I decided to include old samples whole for some chunks of color. This is all my soap trimmings from the past 2-3 years.
Rebatching soap is as easy as taking any lye soap, shredding it and melting it down in a crock pot by adding small amounts of water in tablespoon amounts until it becomes a thick mashed potato consistancy. You can do this for old soap, ugly soap or scraps of soap. Then use a handheld mixer to get it all combined. Add color or scent if you want, all colors mixing together like I have here makes an undisirable brown/grey color. I added a bit of a brilliant blue to make sure it wasnt a brownish sort of grey. Charcoal is also a good additive if your getting an unappealing color. You can also sort the colors of soap you are rebatching to start with if you are using large amounts of various kinds of soap. If I planed the surfaces for perfection I them I would have quite a bit more to work with but it’s easier to just throw it all together.

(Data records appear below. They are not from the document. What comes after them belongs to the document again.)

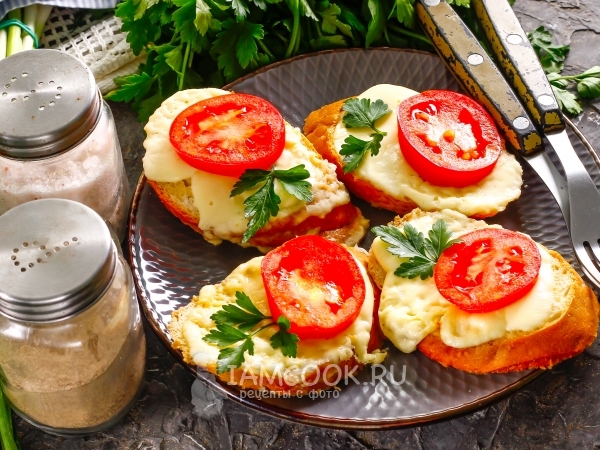 Горячие бутерброды с брынзой, рецепт с фото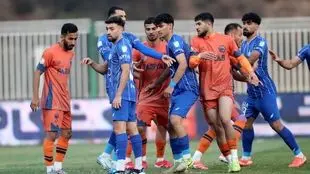 پیروزی سخت استقلال در تختی؛ زمین افتضاح و جنجال‌های پادیاب بازی را به حاشیه برد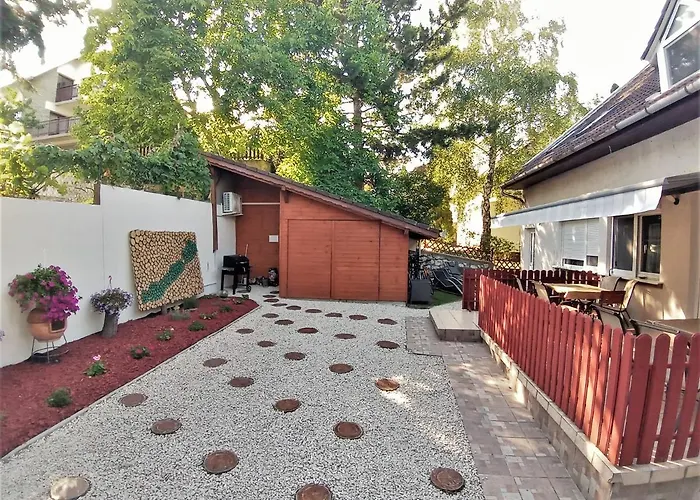 Sylvia Apartment Balatonalmadi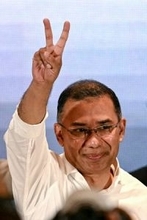 記者会見するラーマン党首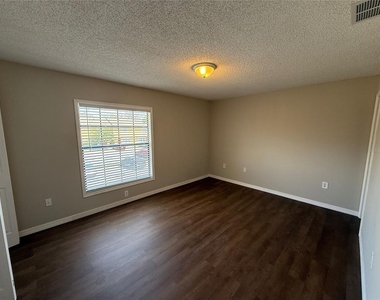 7420 Woodburn Court - Photo Thumbnail 9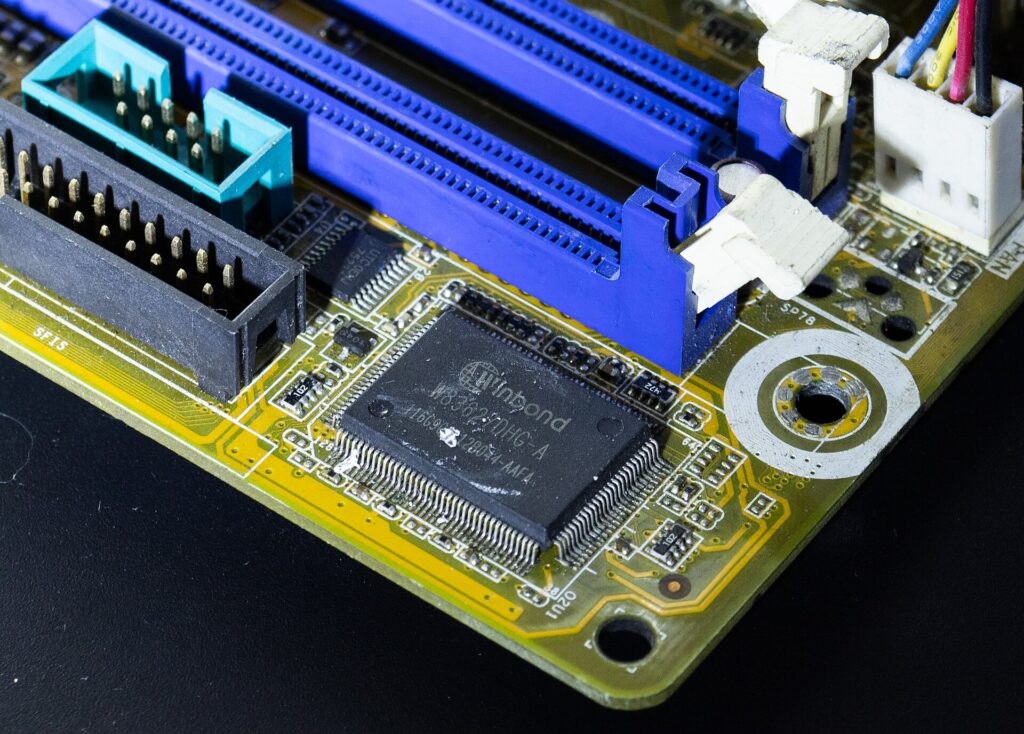 No Bootable Device Found: Troubleshooting and Data Recovery
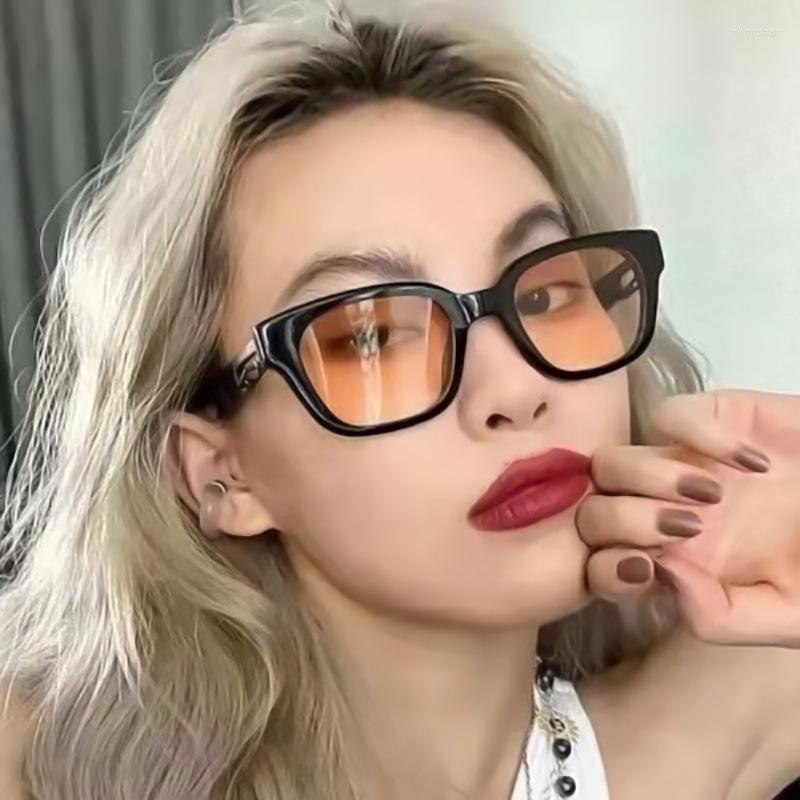 Sunglasses Fashion Square Retro Metal Decorate Women Trend Small Box Hollow Out Man With Casual Drive
Sunglasses Fashion Square Retro Metal Decorate Women Trend Small Box Hollow Out Man With Casual Drive
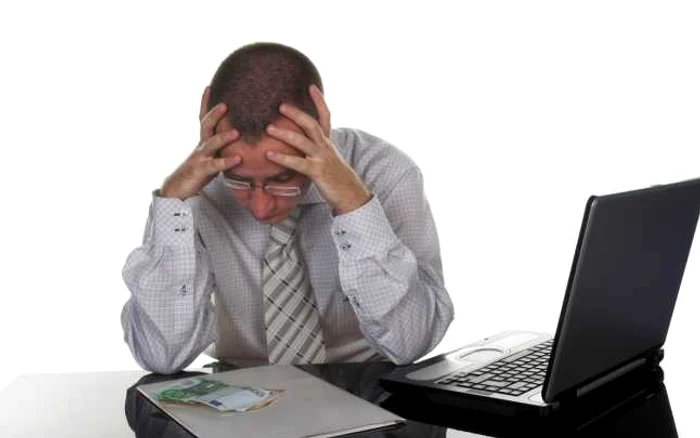 
    Un sfert dintre români susţin că nu au bani nici măcar pentru o lună, iar în cazul în care rămân fără serviciu nu vor avea nici economii care să îi ajute să supravieţuiascăFoto: adevarul.ro  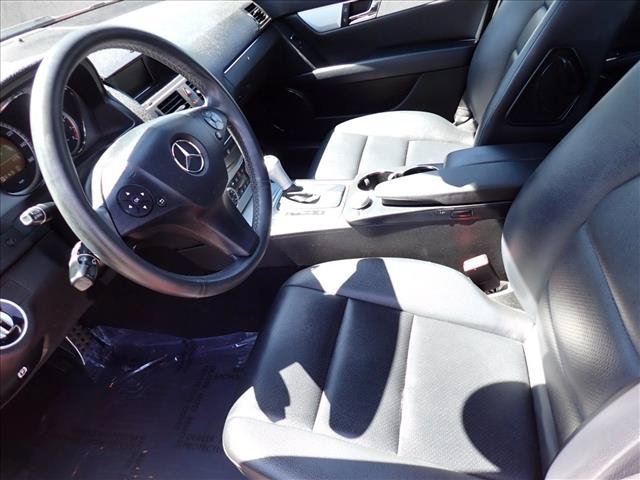 Used 2011 Mercedes-Benz C 300 4MATIC Sedan image 9
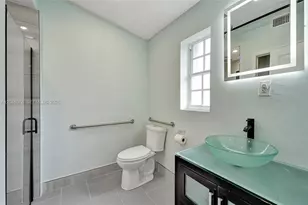 1085 NE 126th St, North Miami, FL 33161 - Photo 8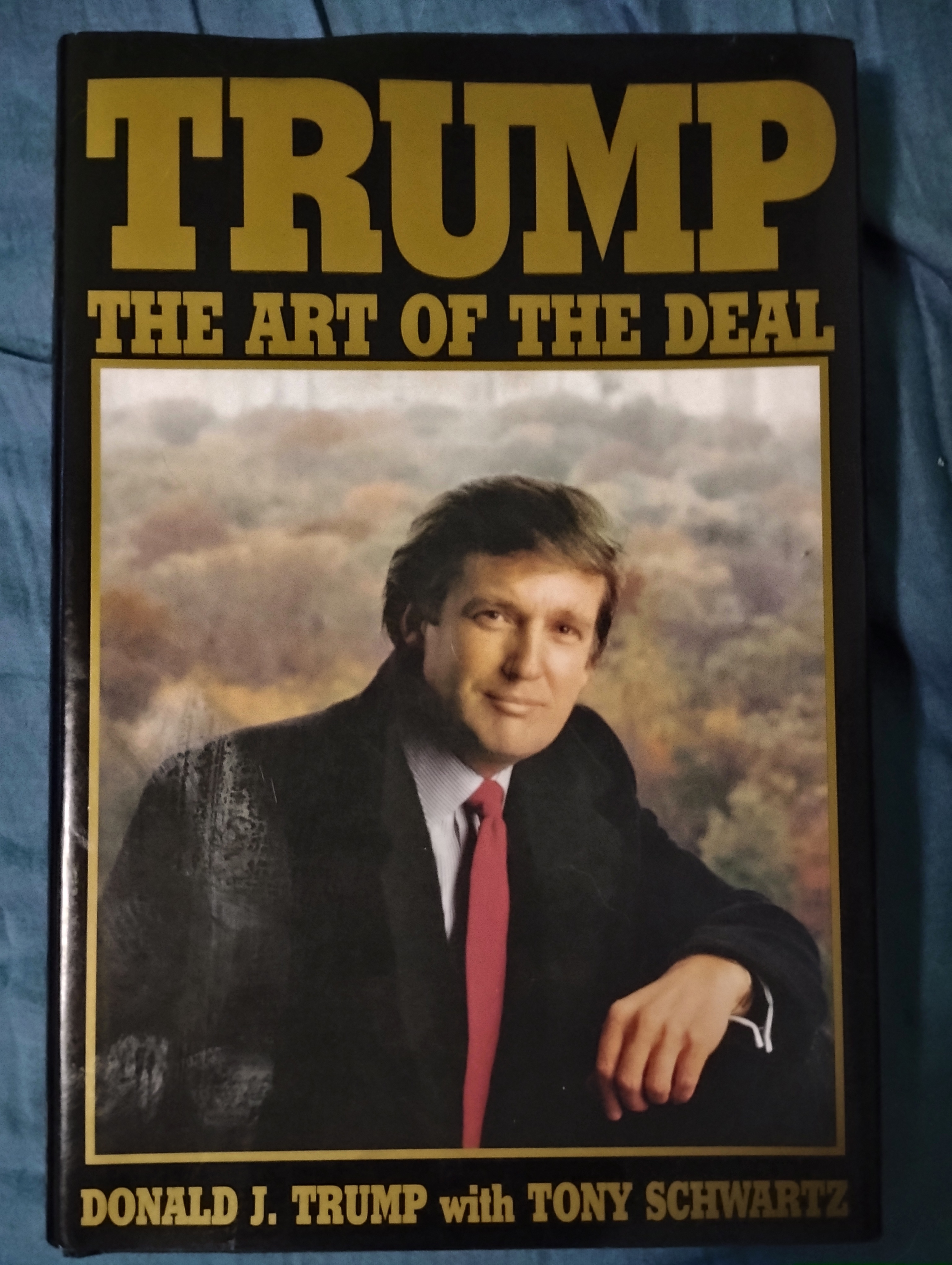 Trump – The Art of the Deal – Like New Condition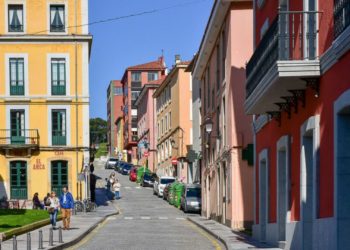 IU apela a la «lealtad institucional» del Ayuntamiento para declarar Cimavilla y La Arena zonas tensionadas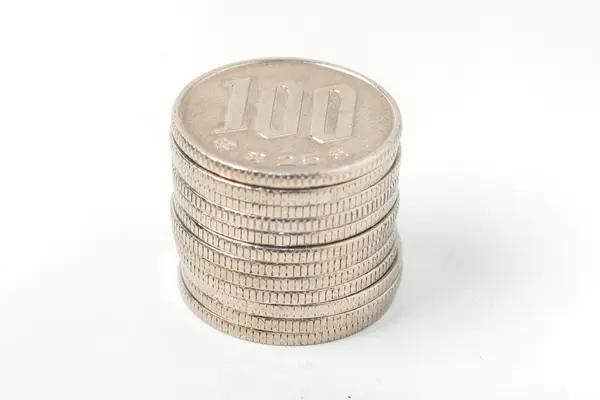 Hög med 100 yen mynt japanska pengar på vit bakgrund. — Stockfoto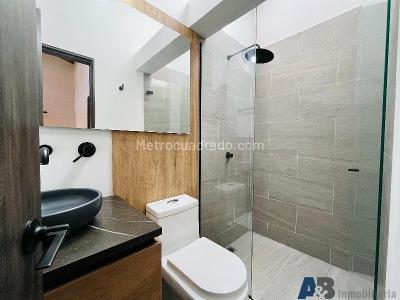 Casa de 3 alcobas en arriendo en El Escobero, Envigado, 310 m² · foto 17 de 20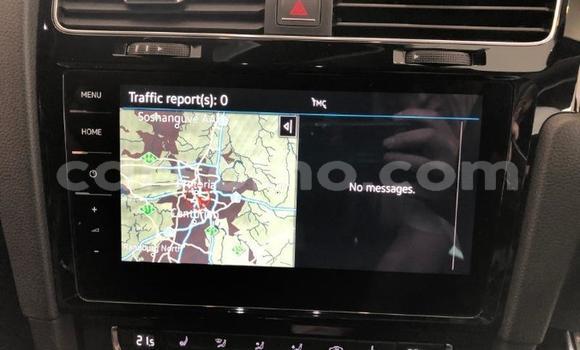 Sayi Na hannu Volkswagen Golf R White Mota in Maseru a Maseru Sayi Na hannu Volkswagen Golf R White Mota in Maseru a Maseru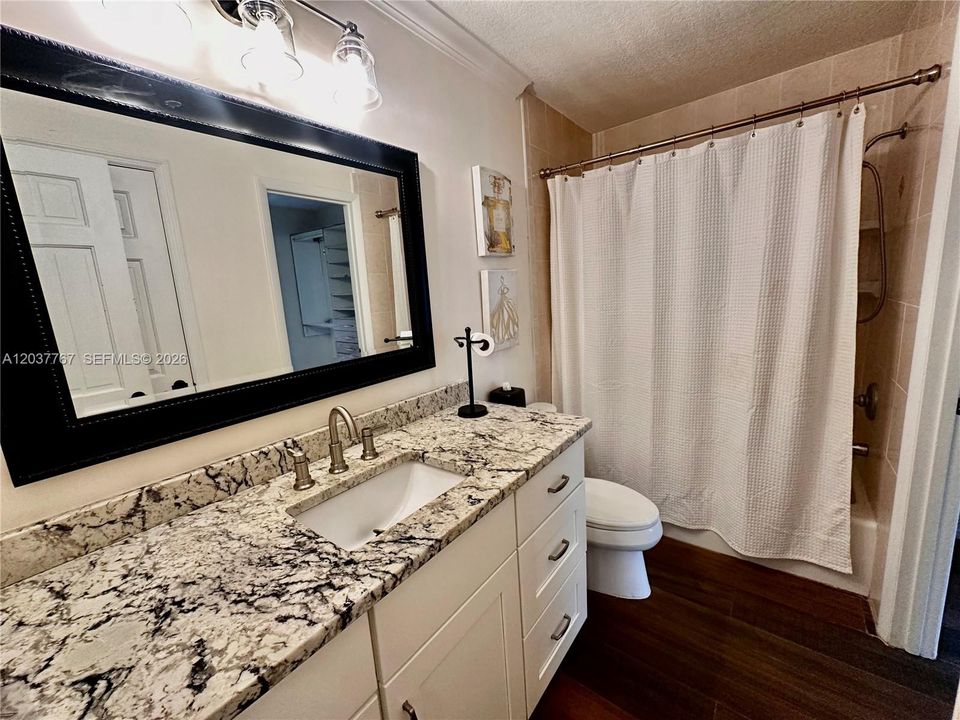 For Rent: $1,700 (1 beds, 1 baths, 650 Square Feet)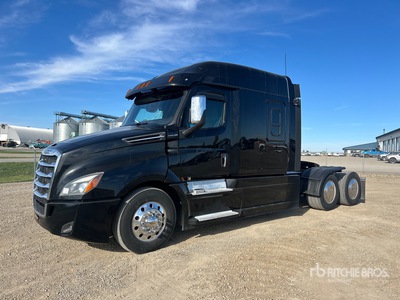 2020 Freightliner Cascadia 126 6x4 Sleeper Truck Tractor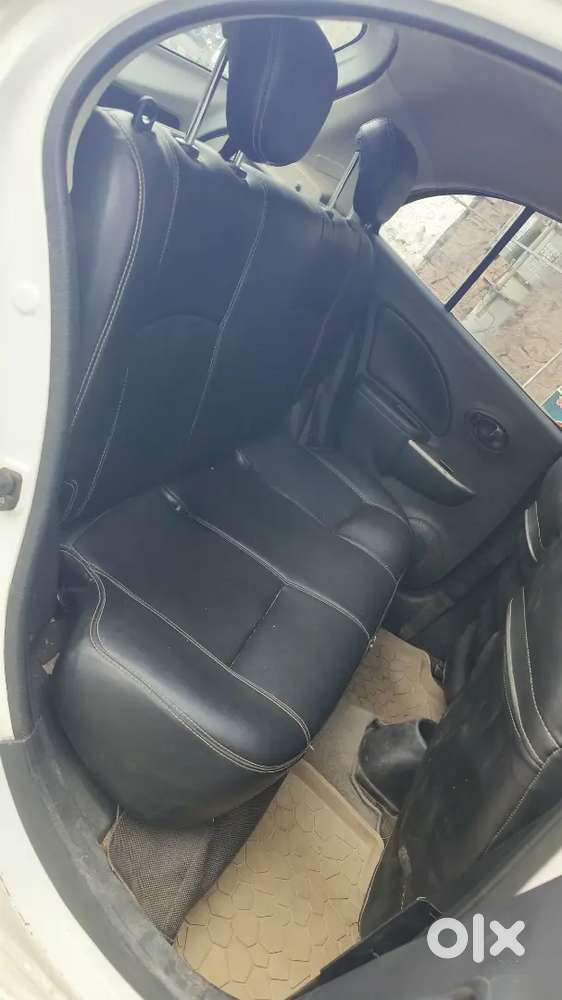 Nissan Micra Petrol 2017 Variant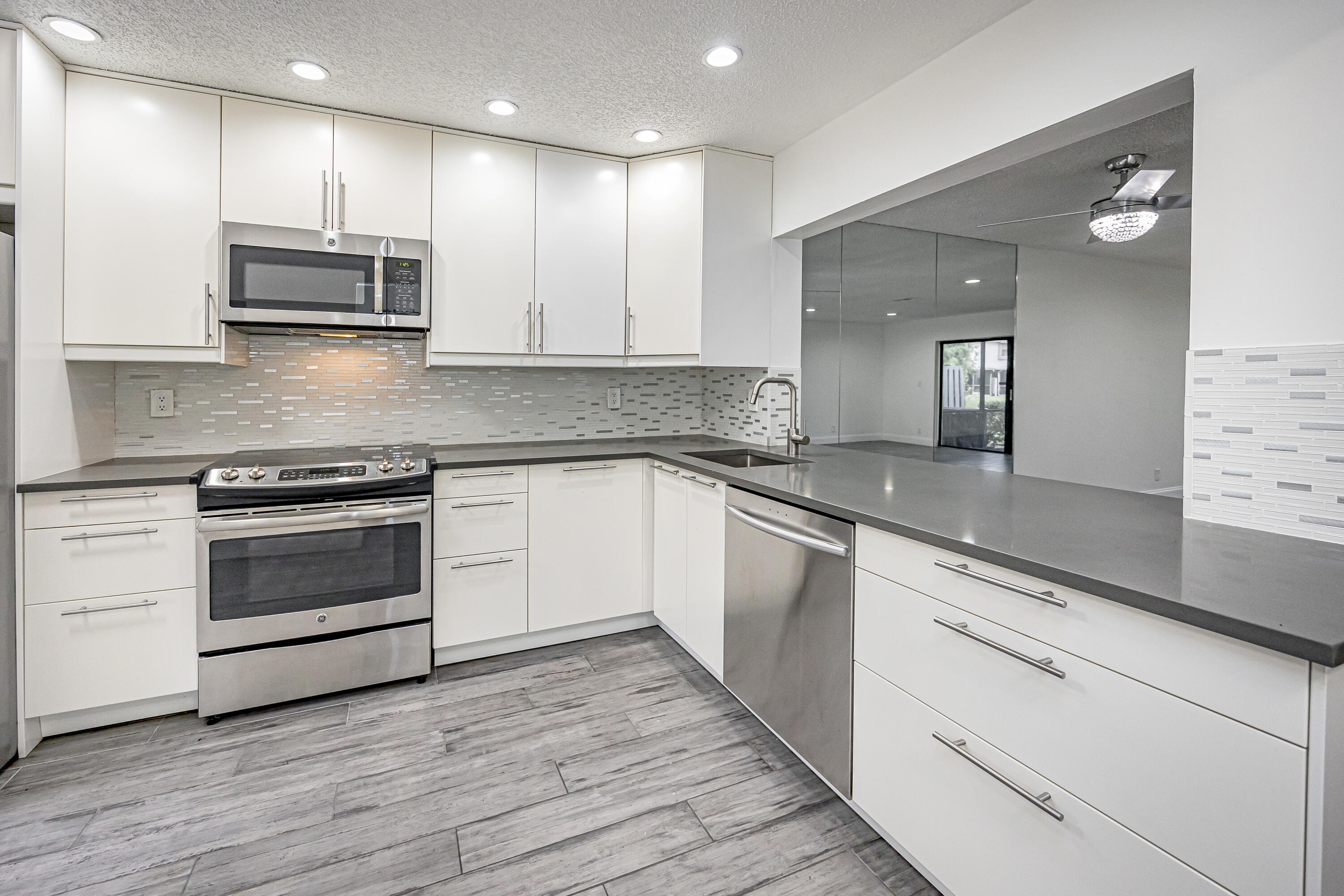 3335 Carambola Circle S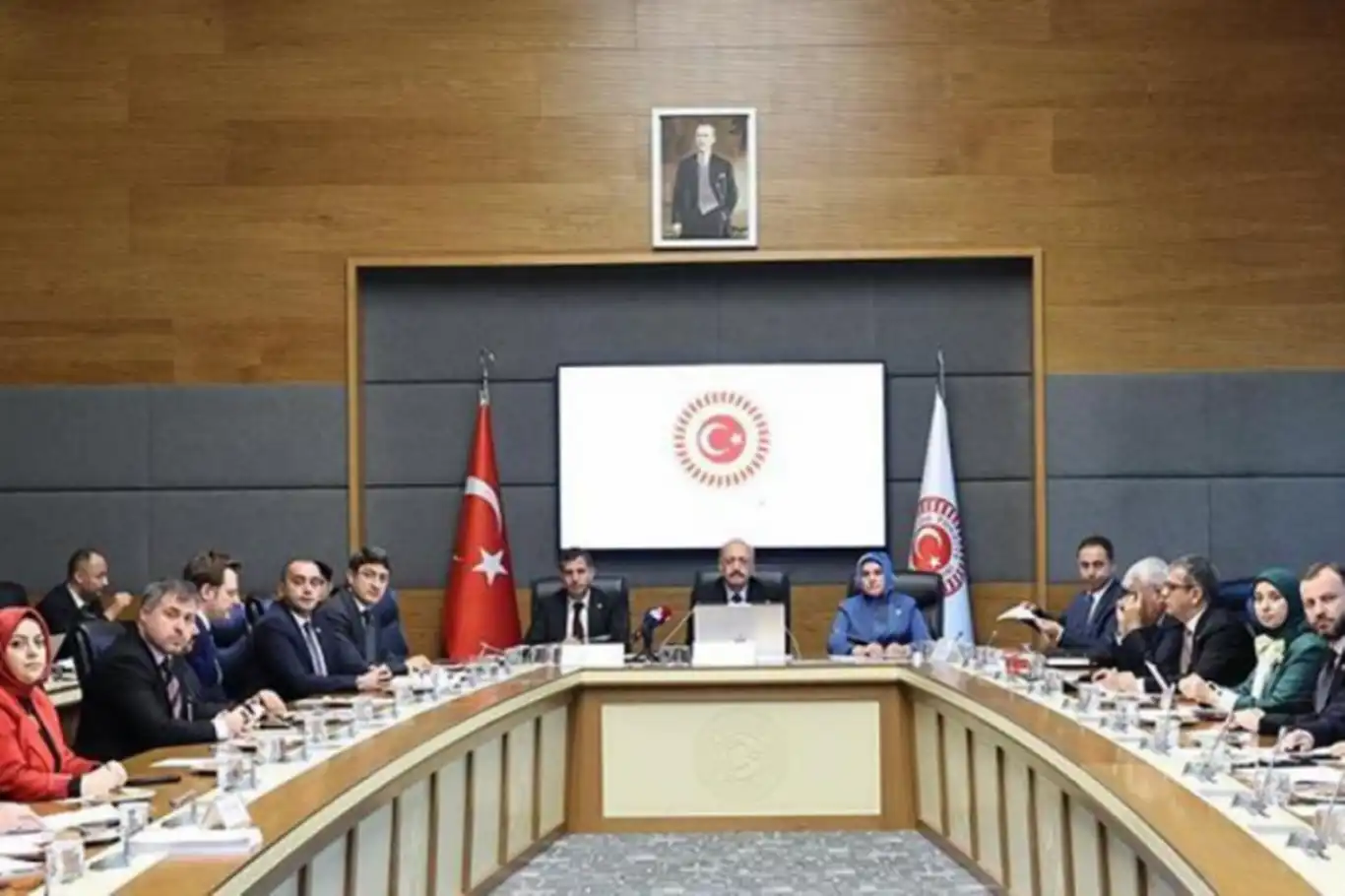 "Aile ve Gençlik Fonu Kurulması'" kanun teklifi komisyonda kabul edildi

I added an even blend of Frankincense, Sandalwood and Patchouli which makes a very clean scent. It also goes well with all the mixed smells that are already there.
I recently made a plain unscented cold process soap with the idea of rebatching it. I wanted a blank slate to start with instead of scraps that are already scented and colored. I let one pound of the soap sit and cure for a month before the rebatch. I grated the soap into a crock pot, added 1/4 cup of coconut milk and and 1 teaspoon of honey. One of the advantages of rebatching is to add luxury ingredients like oils, milks, herbs and sensitive essential oils.
I put the crockpot on high and covered it. I let it cook for about 20-30 minutes before I began stirring it every 5 minutes. Turn off the heat once it is melted enough to mix easily. You can choose to stick blend it but I decided against that.
I used a chai tea fragrance for this, It will cause some discoloration which should be interesting contrast. I used some pearly white mica to ensure the tan wouldn’t be too dark.